GOAL OF THE EXERCISE. Only one stretch of the records below should be repeated. It starts with the line containing "Photo 5 VIN: JM3TB3CVXC0353633 - MAZDA CX-9" and goes on through the line containing "Ortega Accent Table - primary view", exactly as written.

TASK INPUTS.

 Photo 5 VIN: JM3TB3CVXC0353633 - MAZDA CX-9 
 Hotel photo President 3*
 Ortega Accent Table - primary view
==
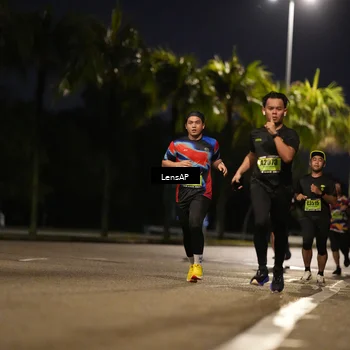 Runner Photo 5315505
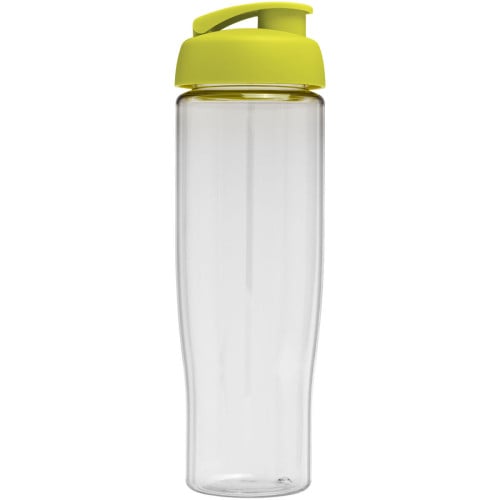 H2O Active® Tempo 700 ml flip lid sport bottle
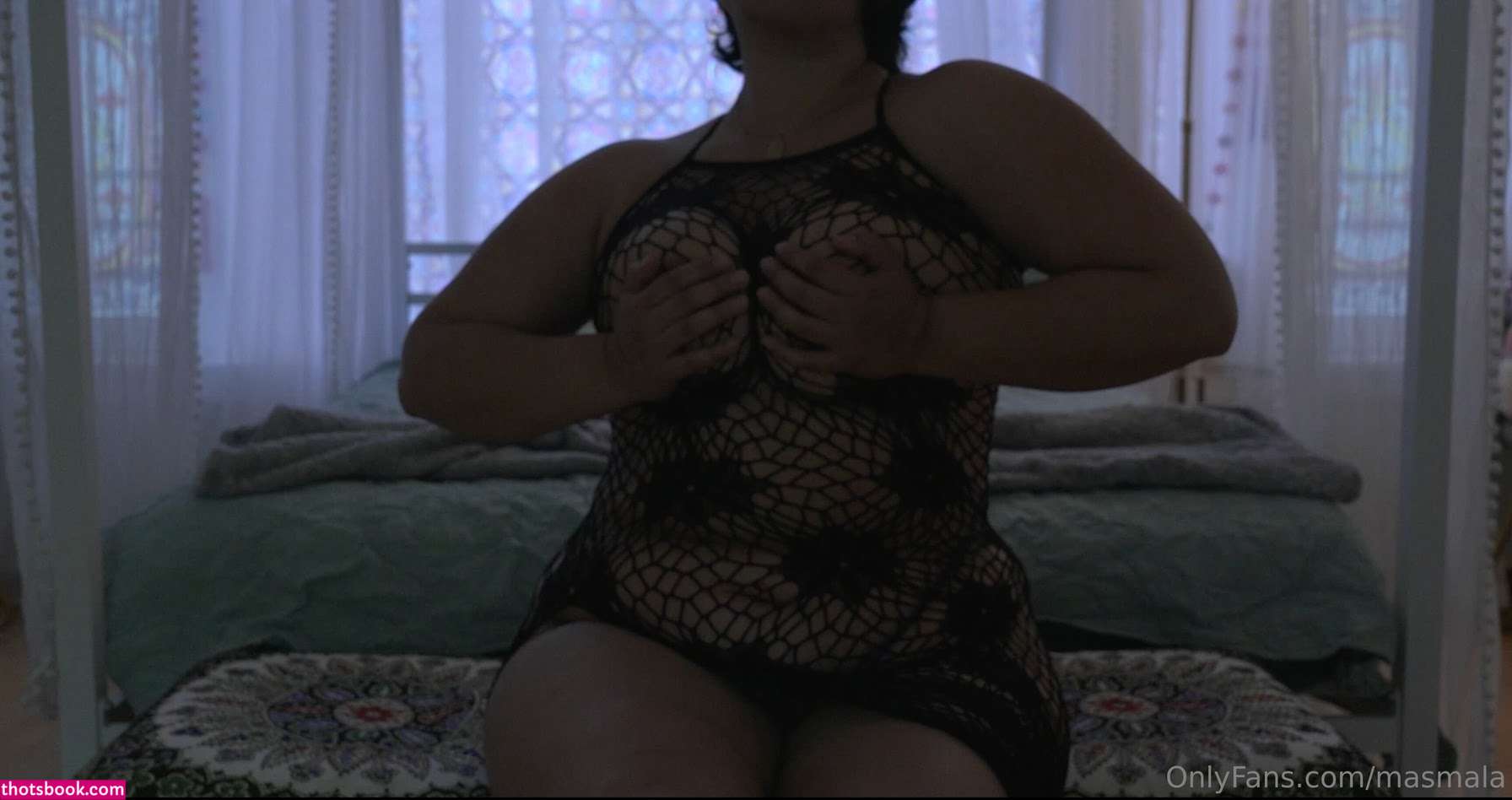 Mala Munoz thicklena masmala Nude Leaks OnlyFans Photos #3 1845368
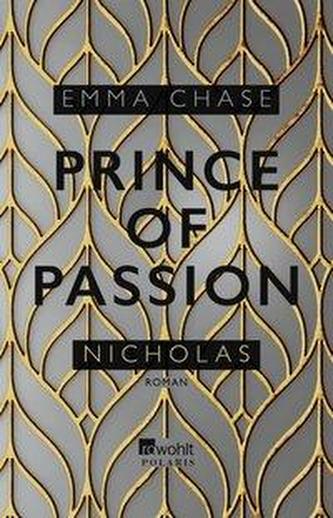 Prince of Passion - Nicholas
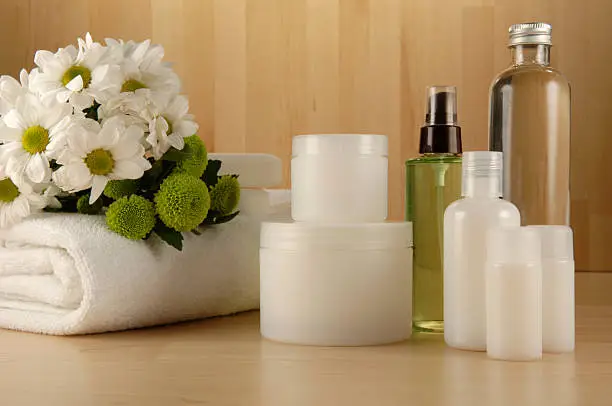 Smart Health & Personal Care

YOUR RESPONSE.
 Photo 5 VIN: JM3TB3CVXC0353633 - MAZDA CX-9 
 Hotel photo President 3*
 Ortega Accent Table - primary view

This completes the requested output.